Work required:
Word for word, transcribe all the entries shown below.

>>>>>

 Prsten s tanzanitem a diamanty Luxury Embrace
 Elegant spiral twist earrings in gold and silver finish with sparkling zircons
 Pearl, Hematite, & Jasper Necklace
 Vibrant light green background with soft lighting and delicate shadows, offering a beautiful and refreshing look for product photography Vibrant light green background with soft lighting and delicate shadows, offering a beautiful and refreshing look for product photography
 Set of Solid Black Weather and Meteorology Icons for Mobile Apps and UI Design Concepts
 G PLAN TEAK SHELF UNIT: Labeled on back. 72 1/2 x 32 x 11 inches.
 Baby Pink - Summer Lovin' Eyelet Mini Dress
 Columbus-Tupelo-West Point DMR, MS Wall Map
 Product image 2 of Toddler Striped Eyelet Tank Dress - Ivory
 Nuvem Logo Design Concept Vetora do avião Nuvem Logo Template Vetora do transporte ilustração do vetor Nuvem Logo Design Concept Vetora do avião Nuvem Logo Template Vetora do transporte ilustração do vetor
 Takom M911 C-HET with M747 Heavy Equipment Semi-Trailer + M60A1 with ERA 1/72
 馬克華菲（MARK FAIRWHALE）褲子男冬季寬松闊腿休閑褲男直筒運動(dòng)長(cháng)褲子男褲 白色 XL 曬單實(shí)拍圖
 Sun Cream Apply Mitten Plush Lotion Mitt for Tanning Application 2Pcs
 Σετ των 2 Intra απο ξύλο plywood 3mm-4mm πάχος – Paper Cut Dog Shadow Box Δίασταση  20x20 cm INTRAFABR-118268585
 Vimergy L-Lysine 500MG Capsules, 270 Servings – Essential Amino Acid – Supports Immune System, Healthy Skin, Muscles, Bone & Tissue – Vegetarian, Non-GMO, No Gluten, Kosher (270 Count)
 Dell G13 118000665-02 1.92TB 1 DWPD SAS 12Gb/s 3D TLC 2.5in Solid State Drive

<<<<<

Completed exercise:
 Prsten s tanzanitem a diamanty Luxury Embrace
 Elegant spiral twist earrings in gold and silver finish with sparkling zircons
 Pearl, Hematite, & Jasper Necklace
 Vibrant light green background with soft lighting and delicate shadows, offering a beautiful and refreshing look for product photography Vibrant light green background with soft lighting and delicate shadows, offering a beautiful and refreshing look for product photography
 Set of Solid Black Weather and Meteorology Icons for Mobile Apps and UI Design Concepts
 G PLAN TEAK SHELF UNIT: Labeled on back. 72 1/2 x 32 x 11 inches.
 Baby Pink - Summer Lovin' Eyelet Mini Dress
 Columbus-Tupelo-West Point DMR, MS Wall Map
 Product image 2 of Toddler Striped Eyelet Tank Dress - Ivory
 Nuvem Logo Design Concept Vetora do avião Nuvem Logo Template Vetora do transporte ilustração do vetor Nuvem Logo Design Concept Vetora do avião Nuvem Logo Template Vetora do transporte ilustração do vetor
 Takom M911 C-HET with M747 Heavy Equipment Semi-Trailer + M60A1 with ERA 1/72
 馬克華菲（MARK FAIRWHALE）褲子男冬季寬松闊腿休閑褲男直筒運動(dòng)長(cháng)褲子男褲 白色 XL 曬單實(shí)拍圖
 Sun Cream Apply Mitten Plush Lotion Mitt for Tanning Application 2Pcs
 Σετ των 2 Intra απο ξύλο plywood 3mm-4mm πάχος – Paper Cut Dog Shadow Box Δίασταση  20x20 cm INTRAFABR-118268585
 Vimergy L-Lysine 500MG Capsules, 270 Servings – Essential Amino Acid – Supports Immune System, Healthy Skin, Muscles, Bone & Tissue – Vegetarian, Non-GMO, No Gluten, Kosher (270 Count)
 Dell G13 118000665-02 1.92TB 1 DWPD SAS 12Gb/s 3D TLC 2.5in Solid State Drive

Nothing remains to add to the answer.